Interesting View from My Carrier Rep on Exchange

Exchange plans will NOT have extremely limited PPO Networks. Since many millions of new people will be entering the system and many current patients will be switching to Exchange-Purchased health insurance, it wouldn't be wise for a physician to exclude him/herself from the network(s).

Related Article: ObamaCare Likely To Up Health Usage, Not Control Costs - Yahoo! Finance

-ac
Again... As always I disagree with you.... You are so wrong... Have you ever sold mapd plans?
 
Thanks for sharing that information, Insurehound! Appreciate it.

I think that Exchange business WILL have limited networks. The Exchange is a Smorgasborg designed for gluttony of over-utilization. At certain (moderate) income levels you can get premium subsidies and also cost-sharing subsidies to pay for copays, deductibles and co-insurance. Utilization will be higher inside the exchange due to the free-for-all nature of it. The only way for a carrier to control utilization is to control access, which means the PCP gatekeeper system, pre-certs for everything, and HMO style administration through the new ACO's. The Medicaid market is almost entirely managed-care due to this need to control over-utilization when the premium is free and the copays are low or non-existent.
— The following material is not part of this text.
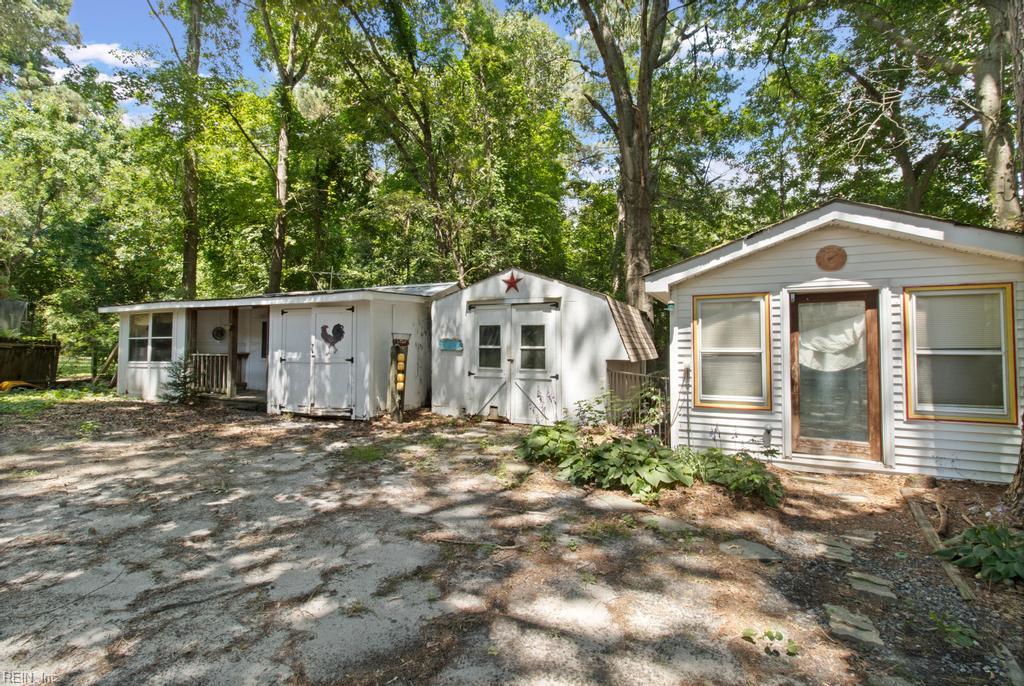 6353 Bolling Brook Lane Gloucester VA 23061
Outside the exchange, there is still higher utilization due to GI, no pre-ex, and rich benefits, but it's not a free-for-all like inside the exchange. People pay a premium, deductibles, copays, etc., which helps control utilization.

Outside the exchange, I expect to see at least 1 option for an ACO. In those cases, you'll see identical premiums for identical plans inside and outside the exchange. But I expect the market outside the exchange to offer larger networks, and yet not hike the premium for it. The control on utilization should counter-balance the cost of a larger network. That opens up a whole new ebb and flow of consumer decisions, which may surprise us in the months to come.